Using Social Media, SEO or any other form of Internet marketing cannot fix a product that sucks. But it can tell you whether or not the target market thinks it sucks. Of course, we must be talking about other products: yours couldn’t possibly suck with the numbers you sell. “The advertising investment and distribution channels are creating plenty of healthy sales. The economic downturn has affected us but it will pass.”

Is this just another economic downturn? What if this economic downturn is combined with a shift to a new age – a whole new mindset in business. At no other time in the history of our world have we seen a Company go from zero to the largest in the world within 10 years. Google is asking “What economic downturn?”. I was in awe when I recently read that Facebook had 200 Million users (April 14, 2009), absolutely shocked on July 10 when they announced 250 Million and scratching my head when on September 19,2009 they announced 300 million! They increased 50 Million users in 75 days, which means they added 670,000 users every single day! At a time when people were starting to speculate that they had peaked.

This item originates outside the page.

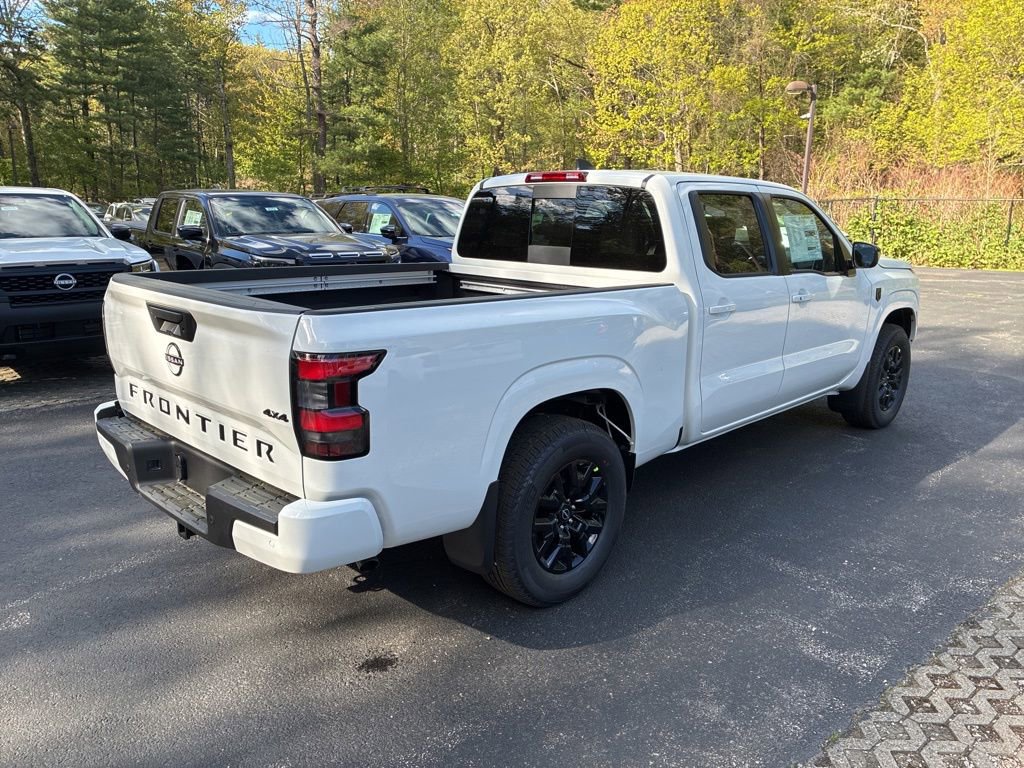 New 2026 Nissan Frontier SV w/ SV Convenience Package AWD/4WD image 7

These numbers are unlike the numbers we have been used to dealing with in business. Google is indexing over a trillion URLs.  We have indeed entered The Google Age.

All this to say now that customers can HUNT for our product (as opposed to us spending millions in advertising & promotion HUNTING for customers and hoping they remember us when it comes time to buy), we might want to stop and think about who has the power in the current consumer-to-business relationship. In the past, the only feedback the consumer had access to was how he spent his dollar. And most felt it made no difference so apathy was the order of the day.  Big business dominated and big media profited.

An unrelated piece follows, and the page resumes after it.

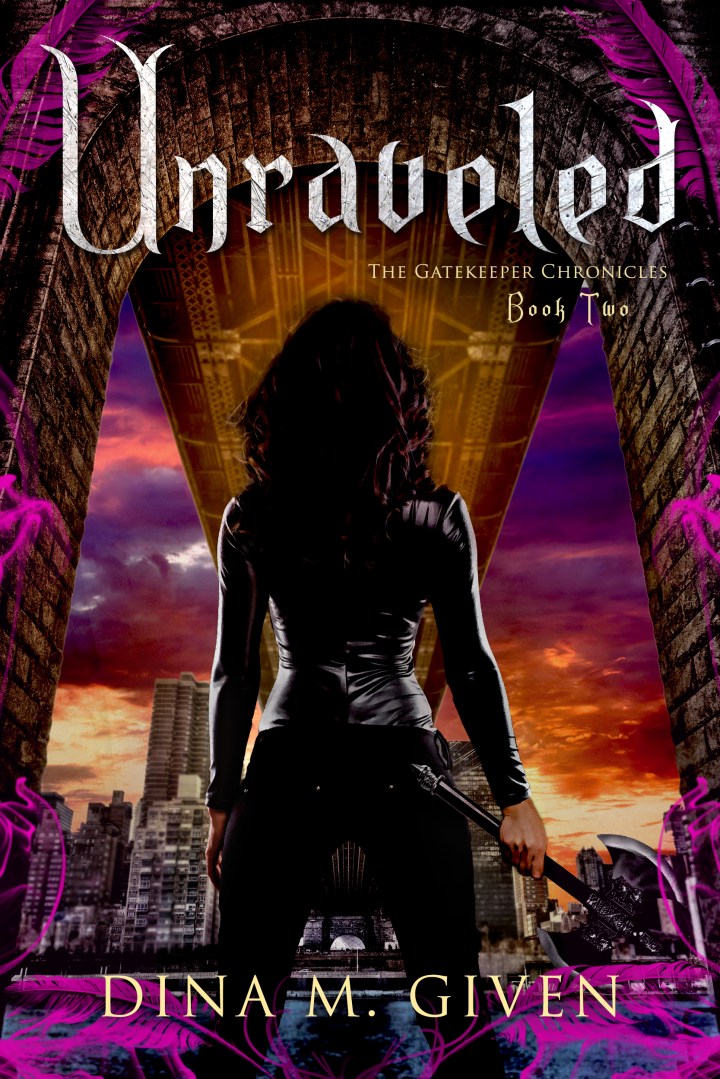 Unraveled cover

In The Google Age they can vote with their dollar AND they can influence millions of their peers online. That is good news and bad. Now they know they can make a difference. Now, in order to do business a brand must learn a whole new marketing mindset: they must learn to be found – at the right time, saying the right thing. They must deal with individuals rather than demographic target groups. It is tempting to treat this medium (the web) like it is just another advertising medium, but early results have been, at best, all over the map. The Internet is dynamic so our marketing strategies and tactics must also be dynamic. They must be based on sound principles and objectives but we must talk with and listen to our customers. Joshua Porter makes a great point about expectations of online marketing in his blog, reinforcing the need to look at the Internet with fresh eyes.

So your brand does not end up with a bloody nose. The first step is LISTEN. Marketing people and Senior Management must pay attention to the communities that their potential consumer is engaged with. DO NOT jump in with offers and promotions grounded in the old mindset. These communities will send you home with your hat in your hand. Just LISTEN for now. When they trust you, they will always give you the keys to the kingdom.